4. Account Information. AGIS shall provide to the Company:
(a) daily confirmations of Account activity mailed within two Business
Days after each day on which a purchase or redemption of Shares is
effected for the particular Account.
(b) quarterly statements detailing activity in each Account within fifteen
Business Days after the end of each quarter.
(c) such other reports as may be reasonably requested by the Company. In
addition, the Company will have on-line remote access to Account
information in order to confirm transactions on a daily basis.
5. Prospectus and Proxy Materials.
(a) AGIS shall provide to the shareholder of record on behalf of the Plans
copies of the proxy materials, periodic fund reports to shareholders
and other materials that are required by law to be sent to the Funds'
shareholders. In addition, AGIS or its affiliates shall provide the
Company with a sufficient quantity of prospectuses of the Funds to be
used in conjunction with the transactions contemplated by this
Agreement, together with such additional copies of the Funds'
prospectuses as may be reasonably requested by the Company. If a Plan
provides for pass-through voting by its Participants, or if the
Company determines that pass-through voting is required by law, AGIS
will provide the Company with a sufficient quantity of proxy materials
for each Participant.
(b) The cost of preparing, printing and shipping of the prospectuses,
proxy materials, periodic fund reports and other materials of the
Funds to the Company shall be paid by AGIS or its agent; provided,
however, that if at any time AGIS or its agent reasonably deems the
usage by the Company or a Plan of such items to be excessive, it may,
prior to the delivery of any quantity of materials in excess of what
it deems reasonable, request that the Company or the Plan, as the case
may be, demonstrate the reasonableness of such usage. If AGIS believes
the reasonableness of such usage has not been adequately demonstrated,
it may request that the party responsible for such excess usage pay
the cost of printing (including press time) and delivery of any excess
copies of such materials. Unless the Company or the Plan, as the case
may be, agrees to make such payments, AGIS may refuse to supply
additional materials and this section shall not be interpreted as
requiring delivery by AGIS of any copies in excess of the number of
copies required by law.
(c) The cost of any distribution of prospectuses, proxy materials,
periodic fund reports and other materials of the Funds to the Plan or
its Participants shall be paid by either the Company, the Plan, or the
Plan sponsor, as determined by the Company's agreement with the Plan,
and shall not be the responsibility of AGIS.
6. Compensation and Expenses.
(a) The Company, the trustee or other designee of a Plan shall be the sole
shareholder of Fund shares purchased for the Plan pursuant to this
Agreement (the "Record Owner"). The Record Owner shall properly
complete any applications or other forms required by AGIS.
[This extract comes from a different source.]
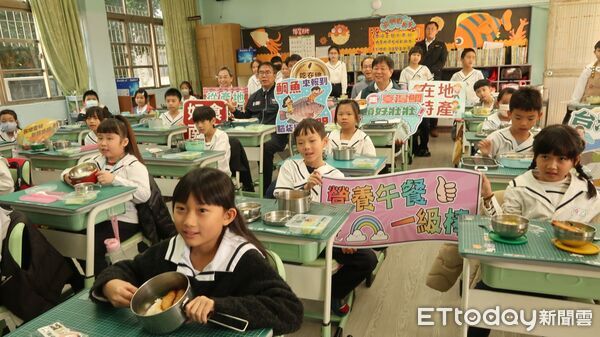 ▲台南市長黃偉哲前往崇學國小，與學童一同享用以在地台灣鯛入菜的校園午餐。（記者林東良翻攝，下同）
(b) AGIS acknowledges that it will derive a substantial savings in
administrative expenses, such as a reduction in expenses related to
postage, shareholder communications and recordkeeping, by virtue of
having a single shareholder account per Fund for the Plan rather than
having each Participant as a shareholder. In consideration of the
Administrative Services and performance of all other obligations under
this Agreement by the Company, AGIS will pay the Company a fee (the
"Administrative Services Fee") equal to the applicable per annum
amount per Fund specified in Attachment A hereto.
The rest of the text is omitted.